Our Mission to be Awarded in Eternity
Even those blinded by doubt can see through the signs of Mercy
It isn’t always the gift of vision that sustains our sight of what the Lord created within our soul when doubt appears; and the evil one takes advantage of our weakness to change any perspective towards faith.
God speaks to man through the visible creation. The material cosmos is so presented to man’s intelligence that he can read there traces of its Creator. Light and darkness, wind and fire, water and earth, the tree and its fruit speak of God and symbolize both his greatness and his nearness. (CCC 1147).

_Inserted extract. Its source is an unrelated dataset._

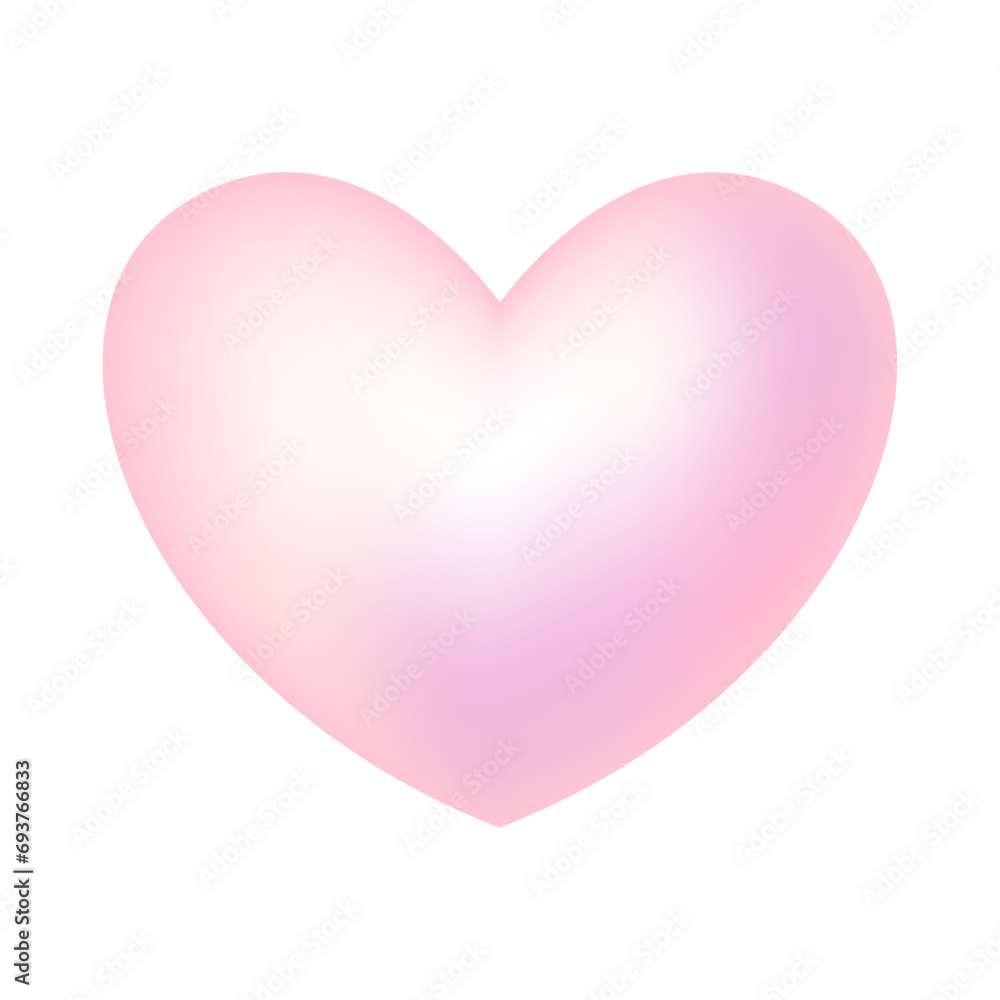 Vector cute pink isolated heart on white background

St. Paul told us that we “walk by faith not by sight,” yet it is through the sight of the Lord, God, that we find his presence. (2 Cor 5: 7).
The sacred image, the liturgical icon, principally represents Christ. It cannot represent the invisible and incomprehensible God, but the Incarnation of the Son of God has ushered in a new “economy” of images. (CCC 1159). Previously God, who has neither a body nor a face, absolutely could not be represented by an image. But now that he has made himself visible in the flesh and has lived with men, I can make an image of what I have seen of God…and contemplate the glory of the Lord, his face unveiled. (St John Damascene).
Blindness does not always indicate the inability to see through normal retinas and other crucial organs that relate to the brain’s opportunity to register any item that passes by us. It can become the most crucial aspect of understanding what just appeared in our vision of faith. Here is what can cripple our spiritual connection with the very essence of God’s grace to save our belief in the Passion of his Son, Jesus Christ.
There is always an absence of finding and absorbing the gift of what we hold as truth when it comes to understanding what faith really is. Unfortunately, life doesn’t give us an opportunity to make a choice when more than one event is present at the same time and the wrong decision can take us down; sometimes without ever finding the most crucial truth in our spiritual journey.
The Church remains faithful to the interpretation of "all the Scriptures” that Jesus gave both before and after his Passover: “Was it not necessary that the Christ should suffer these things and enter his glory?” Jesus’ sufferings took their historical, concrete form from the fact that he was “rejected by the elders and the chief priests and the scribes,” who handed “him to the Gentiles to be mocked and scourged and crucified.” (CCC 572)
Faith can therefore try to examine the circumstances of Jesus' death, faithfully handed on by the Gospels and illuminated by other historical sources, the better to understand the meaning of the Redemption. (CCC 573).
Let us become informed with the truth that what we see through the eyes of faith is the grace with which our spiritual blindness is quickly removed and the sight we behold is God’s grace.